# Find the possible values of b,h and l for a triangular prism with volume 21 cubic meters. How many ways can you do this? Sketch a diagram of one possible prism.

## do you mean a right triangular prism?

what are b, h, and l? If the triangle part is a right triangle, the volume=1/2 bhl

or bhl=42

and b, h, l can be any value to give that product. example b=1/2, l= 1/2, h=168

## To find the possible values of b, h, and l for a triangular prism with volume 21 cubic meters, we can start by using the formula for the volume of a triangular prism:

Volume = (1/2) * b * h * l,

where b represents the base of the triangle, h is the height of the triangle, and l is the length of the prism.

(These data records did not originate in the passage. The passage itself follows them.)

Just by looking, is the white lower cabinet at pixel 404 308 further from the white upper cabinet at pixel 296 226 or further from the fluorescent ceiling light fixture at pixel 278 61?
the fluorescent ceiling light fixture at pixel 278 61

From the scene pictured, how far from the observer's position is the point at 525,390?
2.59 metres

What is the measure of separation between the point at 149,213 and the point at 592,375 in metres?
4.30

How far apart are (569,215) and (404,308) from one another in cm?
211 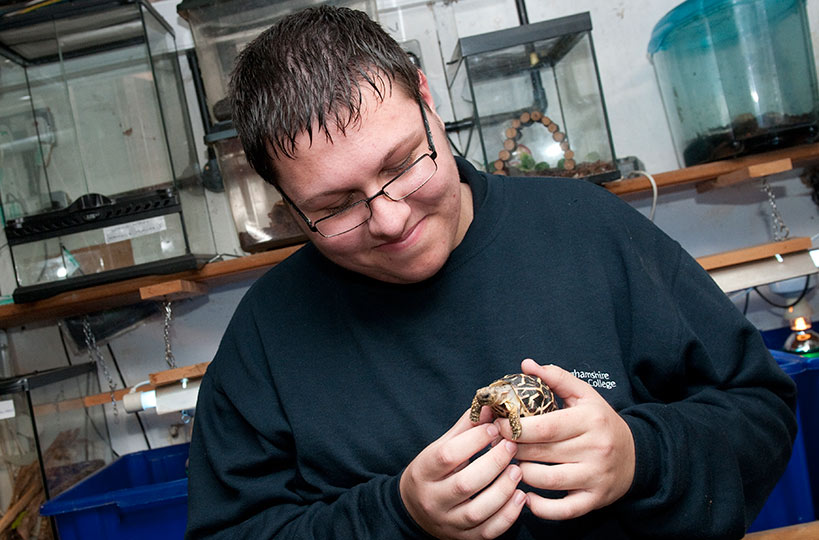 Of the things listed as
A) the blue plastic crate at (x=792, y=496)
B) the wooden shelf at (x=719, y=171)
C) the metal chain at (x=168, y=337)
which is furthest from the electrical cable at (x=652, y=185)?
the metal chain at (x=168, y=337)

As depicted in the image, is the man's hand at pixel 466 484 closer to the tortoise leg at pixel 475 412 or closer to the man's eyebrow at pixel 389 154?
the tortoise leg at pixel 475 412

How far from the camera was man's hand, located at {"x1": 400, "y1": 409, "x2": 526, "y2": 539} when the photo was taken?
0.63m

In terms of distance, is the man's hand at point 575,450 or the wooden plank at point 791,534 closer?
the man's hand at point 575,450

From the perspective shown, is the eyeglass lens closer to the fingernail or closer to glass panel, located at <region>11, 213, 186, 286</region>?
the fingernail

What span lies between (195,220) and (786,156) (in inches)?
60.1

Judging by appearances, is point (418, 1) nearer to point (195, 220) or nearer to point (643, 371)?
point (195, 220)

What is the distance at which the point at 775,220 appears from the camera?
1.74m

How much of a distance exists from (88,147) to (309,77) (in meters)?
1.21

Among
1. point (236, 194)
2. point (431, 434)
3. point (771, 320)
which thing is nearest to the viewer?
point (431, 434)

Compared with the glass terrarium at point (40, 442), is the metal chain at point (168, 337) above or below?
above

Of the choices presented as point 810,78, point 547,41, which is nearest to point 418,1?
point 547,41

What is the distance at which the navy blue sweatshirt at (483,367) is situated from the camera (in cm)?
79

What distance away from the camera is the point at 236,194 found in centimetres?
165

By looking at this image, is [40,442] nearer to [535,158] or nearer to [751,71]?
[535,158] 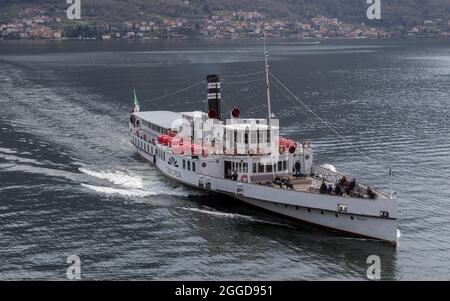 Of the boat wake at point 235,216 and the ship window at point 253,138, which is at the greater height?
the ship window at point 253,138

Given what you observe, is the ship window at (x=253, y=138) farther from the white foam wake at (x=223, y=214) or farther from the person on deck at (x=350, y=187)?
the person on deck at (x=350, y=187)

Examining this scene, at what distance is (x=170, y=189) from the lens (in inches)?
2239

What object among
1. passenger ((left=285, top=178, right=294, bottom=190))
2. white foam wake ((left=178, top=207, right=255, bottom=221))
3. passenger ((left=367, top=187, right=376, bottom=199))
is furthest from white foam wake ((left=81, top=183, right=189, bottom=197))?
passenger ((left=367, top=187, right=376, bottom=199))

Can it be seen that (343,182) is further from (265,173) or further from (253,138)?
(253,138)

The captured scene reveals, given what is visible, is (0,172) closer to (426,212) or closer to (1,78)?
(426,212)

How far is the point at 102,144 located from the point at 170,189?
20.3 m

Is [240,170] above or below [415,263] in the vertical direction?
above

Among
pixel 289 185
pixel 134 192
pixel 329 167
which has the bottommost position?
pixel 134 192

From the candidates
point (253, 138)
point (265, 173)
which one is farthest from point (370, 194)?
point (253, 138)

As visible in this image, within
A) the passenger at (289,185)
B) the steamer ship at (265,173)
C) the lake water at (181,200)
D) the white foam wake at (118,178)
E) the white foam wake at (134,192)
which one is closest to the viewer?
the lake water at (181,200)

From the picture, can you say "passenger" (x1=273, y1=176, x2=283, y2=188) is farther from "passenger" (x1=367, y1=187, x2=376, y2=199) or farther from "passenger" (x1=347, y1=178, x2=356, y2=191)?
"passenger" (x1=367, y1=187, x2=376, y2=199)

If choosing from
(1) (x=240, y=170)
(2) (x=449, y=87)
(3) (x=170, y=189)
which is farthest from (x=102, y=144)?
(2) (x=449, y=87)

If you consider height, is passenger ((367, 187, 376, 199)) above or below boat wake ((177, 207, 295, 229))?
above

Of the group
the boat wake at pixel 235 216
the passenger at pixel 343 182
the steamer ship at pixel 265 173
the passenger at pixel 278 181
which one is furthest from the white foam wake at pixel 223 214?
the passenger at pixel 343 182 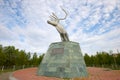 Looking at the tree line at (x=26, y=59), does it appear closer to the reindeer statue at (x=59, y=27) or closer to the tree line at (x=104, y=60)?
the tree line at (x=104, y=60)

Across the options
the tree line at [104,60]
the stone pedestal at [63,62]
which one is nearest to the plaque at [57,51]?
the stone pedestal at [63,62]

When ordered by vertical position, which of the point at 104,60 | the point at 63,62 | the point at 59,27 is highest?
the point at 59,27

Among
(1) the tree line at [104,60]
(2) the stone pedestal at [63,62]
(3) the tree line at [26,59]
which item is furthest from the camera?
(1) the tree line at [104,60]

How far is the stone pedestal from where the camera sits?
12078 millimetres

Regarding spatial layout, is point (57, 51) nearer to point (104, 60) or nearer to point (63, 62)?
point (63, 62)

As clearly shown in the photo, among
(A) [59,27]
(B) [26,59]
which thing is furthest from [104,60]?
(A) [59,27]

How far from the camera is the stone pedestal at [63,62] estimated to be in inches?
476

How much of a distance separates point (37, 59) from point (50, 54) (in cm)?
2750

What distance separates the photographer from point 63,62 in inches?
502

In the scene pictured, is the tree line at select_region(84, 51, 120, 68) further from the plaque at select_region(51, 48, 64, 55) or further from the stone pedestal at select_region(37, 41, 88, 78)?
the plaque at select_region(51, 48, 64, 55)

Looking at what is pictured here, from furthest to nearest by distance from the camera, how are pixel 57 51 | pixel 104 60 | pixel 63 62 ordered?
1. pixel 104 60
2. pixel 57 51
3. pixel 63 62

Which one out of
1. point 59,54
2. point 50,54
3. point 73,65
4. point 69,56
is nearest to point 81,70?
point 73,65

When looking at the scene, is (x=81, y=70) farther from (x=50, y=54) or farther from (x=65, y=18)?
(x=65, y=18)

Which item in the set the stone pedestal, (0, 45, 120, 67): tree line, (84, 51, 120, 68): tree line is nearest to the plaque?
the stone pedestal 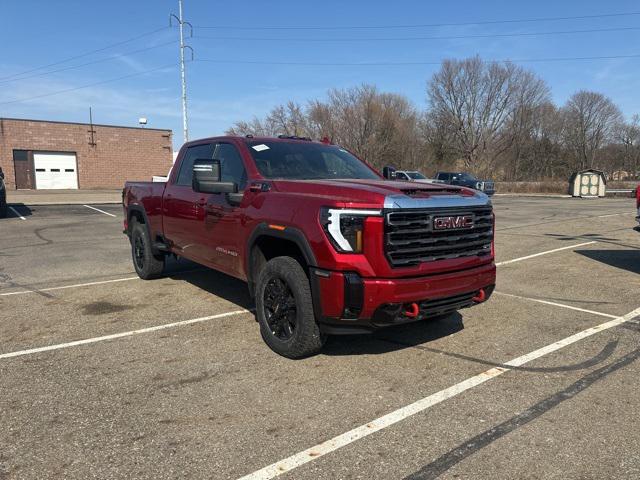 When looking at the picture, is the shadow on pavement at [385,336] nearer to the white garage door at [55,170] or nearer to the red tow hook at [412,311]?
the red tow hook at [412,311]

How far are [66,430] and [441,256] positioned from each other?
2.95 metres

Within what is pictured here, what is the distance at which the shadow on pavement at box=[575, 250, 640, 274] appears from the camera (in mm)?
8734

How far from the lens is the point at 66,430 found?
326 centimetres

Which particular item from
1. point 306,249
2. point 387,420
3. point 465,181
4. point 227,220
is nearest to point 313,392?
point 387,420

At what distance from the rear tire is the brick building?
3755cm

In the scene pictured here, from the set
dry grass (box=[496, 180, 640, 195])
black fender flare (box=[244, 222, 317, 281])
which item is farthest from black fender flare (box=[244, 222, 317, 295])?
dry grass (box=[496, 180, 640, 195])

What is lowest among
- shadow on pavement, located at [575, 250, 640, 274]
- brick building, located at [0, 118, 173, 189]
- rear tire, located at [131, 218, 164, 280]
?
shadow on pavement, located at [575, 250, 640, 274]

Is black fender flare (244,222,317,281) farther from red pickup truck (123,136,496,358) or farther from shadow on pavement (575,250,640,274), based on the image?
shadow on pavement (575,250,640,274)

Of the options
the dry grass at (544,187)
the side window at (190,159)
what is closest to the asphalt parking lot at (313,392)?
the side window at (190,159)

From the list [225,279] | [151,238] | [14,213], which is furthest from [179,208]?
[14,213]

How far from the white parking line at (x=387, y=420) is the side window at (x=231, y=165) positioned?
269 cm

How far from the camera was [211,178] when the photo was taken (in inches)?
195

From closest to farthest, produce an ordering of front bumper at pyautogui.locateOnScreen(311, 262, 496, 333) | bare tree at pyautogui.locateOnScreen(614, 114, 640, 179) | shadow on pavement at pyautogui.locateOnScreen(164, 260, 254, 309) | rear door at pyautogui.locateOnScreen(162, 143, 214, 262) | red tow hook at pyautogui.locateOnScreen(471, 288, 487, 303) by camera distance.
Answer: front bumper at pyautogui.locateOnScreen(311, 262, 496, 333) < red tow hook at pyautogui.locateOnScreen(471, 288, 487, 303) < rear door at pyautogui.locateOnScreen(162, 143, 214, 262) < shadow on pavement at pyautogui.locateOnScreen(164, 260, 254, 309) < bare tree at pyautogui.locateOnScreen(614, 114, 640, 179)

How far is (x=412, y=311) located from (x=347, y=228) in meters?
0.82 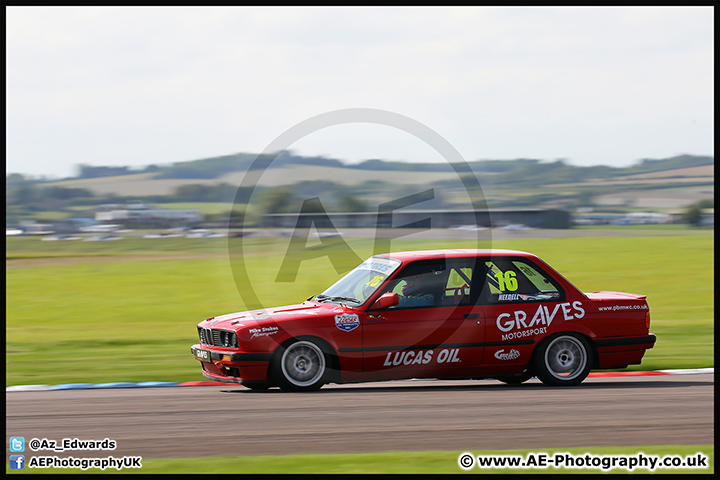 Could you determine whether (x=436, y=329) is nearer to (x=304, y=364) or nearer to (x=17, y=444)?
(x=304, y=364)

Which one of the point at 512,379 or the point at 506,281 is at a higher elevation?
the point at 506,281

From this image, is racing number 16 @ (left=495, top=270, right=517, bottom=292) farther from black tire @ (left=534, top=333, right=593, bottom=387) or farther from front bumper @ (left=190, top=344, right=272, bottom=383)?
front bumper @ (left=190, top=344, right=272, bottom=383)

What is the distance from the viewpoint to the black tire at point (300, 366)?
26.5 ft

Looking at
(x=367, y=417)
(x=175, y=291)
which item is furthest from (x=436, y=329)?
(x=175, y=291)

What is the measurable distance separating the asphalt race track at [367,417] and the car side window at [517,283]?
3.39 ft

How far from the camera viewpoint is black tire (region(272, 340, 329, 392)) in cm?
806

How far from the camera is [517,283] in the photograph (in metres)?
8.72

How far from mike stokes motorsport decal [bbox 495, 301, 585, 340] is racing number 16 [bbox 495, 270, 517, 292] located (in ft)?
0.98

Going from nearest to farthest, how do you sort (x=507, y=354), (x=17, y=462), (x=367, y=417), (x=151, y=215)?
1. (x=17, y=462)
2. (x=367, y=417)
3. (x=507, y=354)
4. (x=151, y=215)

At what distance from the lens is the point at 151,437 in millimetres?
6223

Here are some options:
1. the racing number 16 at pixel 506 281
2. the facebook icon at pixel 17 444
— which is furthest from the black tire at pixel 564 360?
the facebook icon at pixel 17 444

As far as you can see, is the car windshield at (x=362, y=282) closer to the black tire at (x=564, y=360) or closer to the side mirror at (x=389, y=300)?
the side mirror at (x=389, y=300)

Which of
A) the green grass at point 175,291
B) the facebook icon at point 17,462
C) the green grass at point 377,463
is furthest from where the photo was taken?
the green grass at point 175,291

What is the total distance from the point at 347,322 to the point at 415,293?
34.4 inches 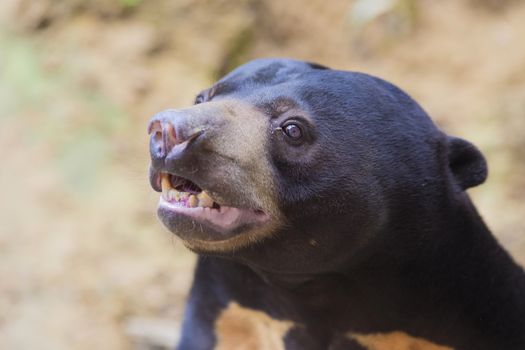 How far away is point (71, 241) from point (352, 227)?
3031 millimetres

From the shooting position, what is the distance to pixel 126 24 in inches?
260

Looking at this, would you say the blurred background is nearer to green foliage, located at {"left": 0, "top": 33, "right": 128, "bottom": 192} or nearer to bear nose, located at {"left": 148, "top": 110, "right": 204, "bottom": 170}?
green foliage, located at {"left": 0, "top": 33, "right": 128, "bottom": 192}

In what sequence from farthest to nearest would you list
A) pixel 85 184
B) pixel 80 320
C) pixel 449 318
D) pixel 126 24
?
pixel 126 24, pixel 85 184, pixel 80 320, pixel 449 318

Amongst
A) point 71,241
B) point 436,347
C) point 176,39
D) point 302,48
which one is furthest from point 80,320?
point 302,48

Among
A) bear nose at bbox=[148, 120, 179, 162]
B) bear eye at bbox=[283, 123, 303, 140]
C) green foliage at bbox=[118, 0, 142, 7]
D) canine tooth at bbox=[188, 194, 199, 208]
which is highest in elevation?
green foliage at bbox=[118, 0, 142, 7]

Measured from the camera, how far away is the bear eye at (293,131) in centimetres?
309

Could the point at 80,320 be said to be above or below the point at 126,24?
below

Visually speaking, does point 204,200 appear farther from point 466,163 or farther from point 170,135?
point 466,163

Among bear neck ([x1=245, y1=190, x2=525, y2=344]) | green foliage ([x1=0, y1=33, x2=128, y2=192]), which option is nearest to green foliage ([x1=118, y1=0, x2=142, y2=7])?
green foliage ([x1=0, y1=33, x2=128, y2=192])

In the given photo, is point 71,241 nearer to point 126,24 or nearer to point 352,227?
point 126,24

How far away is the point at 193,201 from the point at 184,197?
3 cm

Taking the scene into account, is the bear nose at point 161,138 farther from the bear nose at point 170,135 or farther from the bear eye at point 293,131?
the bear eye at point 293,131

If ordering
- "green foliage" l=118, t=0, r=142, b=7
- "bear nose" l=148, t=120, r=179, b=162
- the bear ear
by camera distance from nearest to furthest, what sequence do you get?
"bear nose" l=148, t=120, r=179, b=162
the bear ear
"green foliage" l=118, t=0, r=142, b=7

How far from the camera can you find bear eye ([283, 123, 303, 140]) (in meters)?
3.09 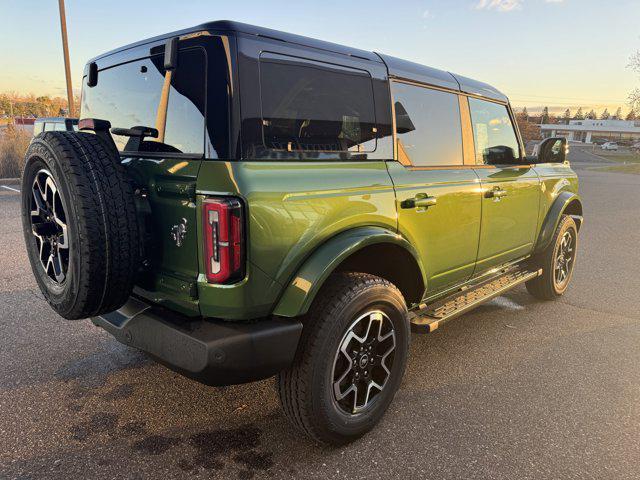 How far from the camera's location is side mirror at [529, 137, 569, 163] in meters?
4.32

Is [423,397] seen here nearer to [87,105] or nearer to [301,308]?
[301,308]

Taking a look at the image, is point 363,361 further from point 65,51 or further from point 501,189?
point 65,51

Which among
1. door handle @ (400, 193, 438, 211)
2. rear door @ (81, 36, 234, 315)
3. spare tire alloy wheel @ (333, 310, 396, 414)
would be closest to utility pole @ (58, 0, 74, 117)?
rear door @ (81, 36, 234, 315)

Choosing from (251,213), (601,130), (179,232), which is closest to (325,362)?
(251,213)

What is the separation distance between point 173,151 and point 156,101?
334mm

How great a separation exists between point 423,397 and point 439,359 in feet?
1.95

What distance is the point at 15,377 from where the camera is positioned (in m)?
3.06

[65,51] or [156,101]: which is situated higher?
[65,51]

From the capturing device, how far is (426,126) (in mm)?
3119

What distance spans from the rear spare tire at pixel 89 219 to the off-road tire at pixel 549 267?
3989 mm

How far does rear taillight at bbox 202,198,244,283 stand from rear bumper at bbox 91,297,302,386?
0.25m

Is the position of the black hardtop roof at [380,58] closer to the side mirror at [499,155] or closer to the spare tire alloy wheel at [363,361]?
the side mirror at [499,155]

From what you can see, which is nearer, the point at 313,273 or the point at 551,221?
the point at 313,273

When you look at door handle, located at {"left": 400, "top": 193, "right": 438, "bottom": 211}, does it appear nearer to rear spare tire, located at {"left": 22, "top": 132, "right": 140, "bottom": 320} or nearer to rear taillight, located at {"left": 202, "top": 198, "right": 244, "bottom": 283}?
rear taillight, located at {"left": 202, "top": 198, "right": 244, "bottom": 283} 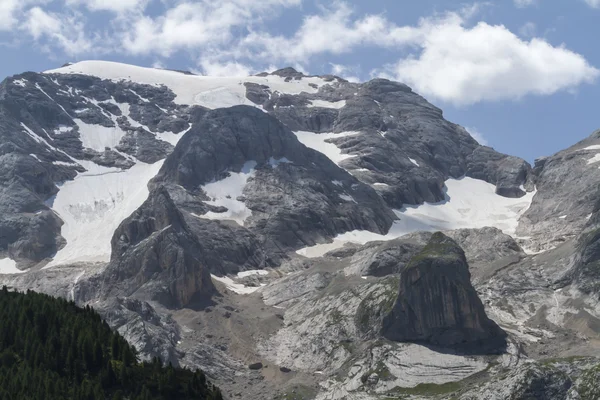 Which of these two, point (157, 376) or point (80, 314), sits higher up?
point (80, 314)

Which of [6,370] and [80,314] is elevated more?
[80,314]

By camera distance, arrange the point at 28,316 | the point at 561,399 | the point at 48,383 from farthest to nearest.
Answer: the point at 561,399 < the point at 28,316 < the point at 48,383

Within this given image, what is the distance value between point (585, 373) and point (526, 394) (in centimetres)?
1095

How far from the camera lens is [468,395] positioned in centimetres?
18888

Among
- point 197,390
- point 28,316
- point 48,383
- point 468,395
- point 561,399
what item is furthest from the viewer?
point 468,395

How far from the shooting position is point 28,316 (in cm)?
14650

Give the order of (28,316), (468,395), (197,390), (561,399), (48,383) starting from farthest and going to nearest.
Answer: (468,395), (561,399), (28,316), (197,390), (48,383)

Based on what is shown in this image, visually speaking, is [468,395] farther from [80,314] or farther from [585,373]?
[80,314]

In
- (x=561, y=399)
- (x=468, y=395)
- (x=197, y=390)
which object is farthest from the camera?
(x=468, y=395)

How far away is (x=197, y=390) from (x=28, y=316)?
31.4 m

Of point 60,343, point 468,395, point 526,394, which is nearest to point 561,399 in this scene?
point 526,394

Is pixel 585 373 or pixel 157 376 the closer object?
pixel 157 376

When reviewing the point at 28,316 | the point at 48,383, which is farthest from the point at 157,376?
the point at 28,316

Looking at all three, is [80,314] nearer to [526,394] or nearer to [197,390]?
[197,390] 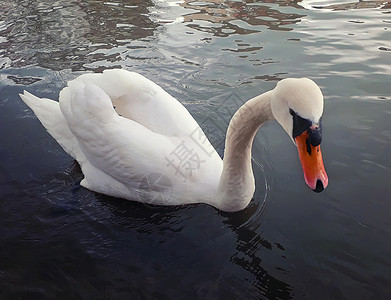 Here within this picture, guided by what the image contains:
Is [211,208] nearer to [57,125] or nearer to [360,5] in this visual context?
[57,125]

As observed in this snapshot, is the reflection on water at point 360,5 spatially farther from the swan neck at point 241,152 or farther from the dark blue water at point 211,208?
the swan neck at point 241,152

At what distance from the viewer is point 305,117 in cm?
285

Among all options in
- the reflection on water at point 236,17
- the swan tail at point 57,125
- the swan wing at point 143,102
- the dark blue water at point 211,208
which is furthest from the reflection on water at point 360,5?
the swan tail at point 57,125

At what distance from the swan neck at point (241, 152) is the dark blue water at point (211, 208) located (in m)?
0.30

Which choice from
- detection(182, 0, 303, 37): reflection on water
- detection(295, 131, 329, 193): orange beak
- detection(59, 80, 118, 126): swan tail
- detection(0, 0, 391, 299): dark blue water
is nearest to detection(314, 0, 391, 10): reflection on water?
detection(182, 0, 303, 37): reflection on water

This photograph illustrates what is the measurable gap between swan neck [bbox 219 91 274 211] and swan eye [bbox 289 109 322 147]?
1.37 feet

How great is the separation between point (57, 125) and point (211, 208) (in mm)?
Result: 2076

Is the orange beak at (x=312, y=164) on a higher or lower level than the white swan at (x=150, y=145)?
higher

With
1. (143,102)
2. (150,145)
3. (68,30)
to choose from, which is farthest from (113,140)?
(68,30)

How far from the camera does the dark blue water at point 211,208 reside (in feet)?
11.6

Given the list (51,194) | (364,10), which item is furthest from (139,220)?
(364,10)

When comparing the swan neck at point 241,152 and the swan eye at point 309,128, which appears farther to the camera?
the swan neck at point 241,152

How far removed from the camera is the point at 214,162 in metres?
4.41

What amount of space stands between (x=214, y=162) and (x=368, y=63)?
435cm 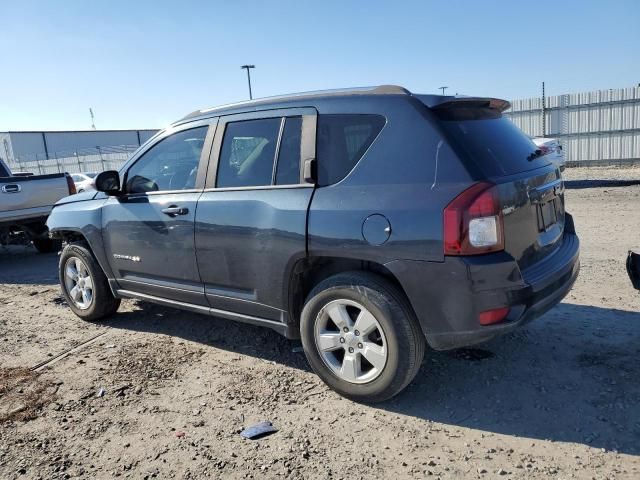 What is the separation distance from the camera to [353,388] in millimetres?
3396

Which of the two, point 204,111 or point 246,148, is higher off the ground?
point 204,111

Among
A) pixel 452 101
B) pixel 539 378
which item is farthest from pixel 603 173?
pixel 452 101

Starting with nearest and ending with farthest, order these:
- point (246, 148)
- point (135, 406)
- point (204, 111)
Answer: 1. point (135, 406)
2. point (246, 148)
3. point (204, 111)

Given that the volume is 21 cubic meters, we can rewrite the equation as:

21 = (1/2) * b * h * l.

We are looking for whole number values of b, h, and l that satisfy this equation.

Now, let's consider the factors of 21: 1, 3, 7, and 21.

To find the possible values, we need to find all the combinations of b, h, and l that equal 21 when multiplied.

If b = 1, the equation becomes:

21 = (1/2) * 1 * h * l.

Multiplying both sides by 2, we get:

42 = h * l.

Now, we look for all possible combinations of h and l that multiply to give 42. The factors of 42 are: 1, 2, 3, 6, 7, 14, 21, and 42.

So, if b = 1, the possible combinations of h and l are:

h = 1, l = 42,
h = 2, l = 21,
h = 3, l = 14,
h = 6, l = 7,
and vice versa.

Similarly, we can repeat this process for b = 3, 7, and 21.

By going through each possible value of b and finding the corresponding values of h and l that satisfy the equation, we can determine all the possible combinations.

It's important to note that the order of h and l matters, as they represent the dimensions of the prism. For example, (h = 3, l = 14) is different from (h = 14, l = 3).

To sketch a diagram of one possible prism, let's consider the case where b = 7, h = 2, and l = 3. This means we have a base triangle with base length 7 and height 2, and a prism with a length of 3.

```
/\
/ \
/___\
B L B
```

In this diagram, B represents the base triangle and L represents the length of the prism.

Please note that this is just one possible configuration, and there are other valid combinations of b, h, and l that satisfy the equation and result in different prism shapes.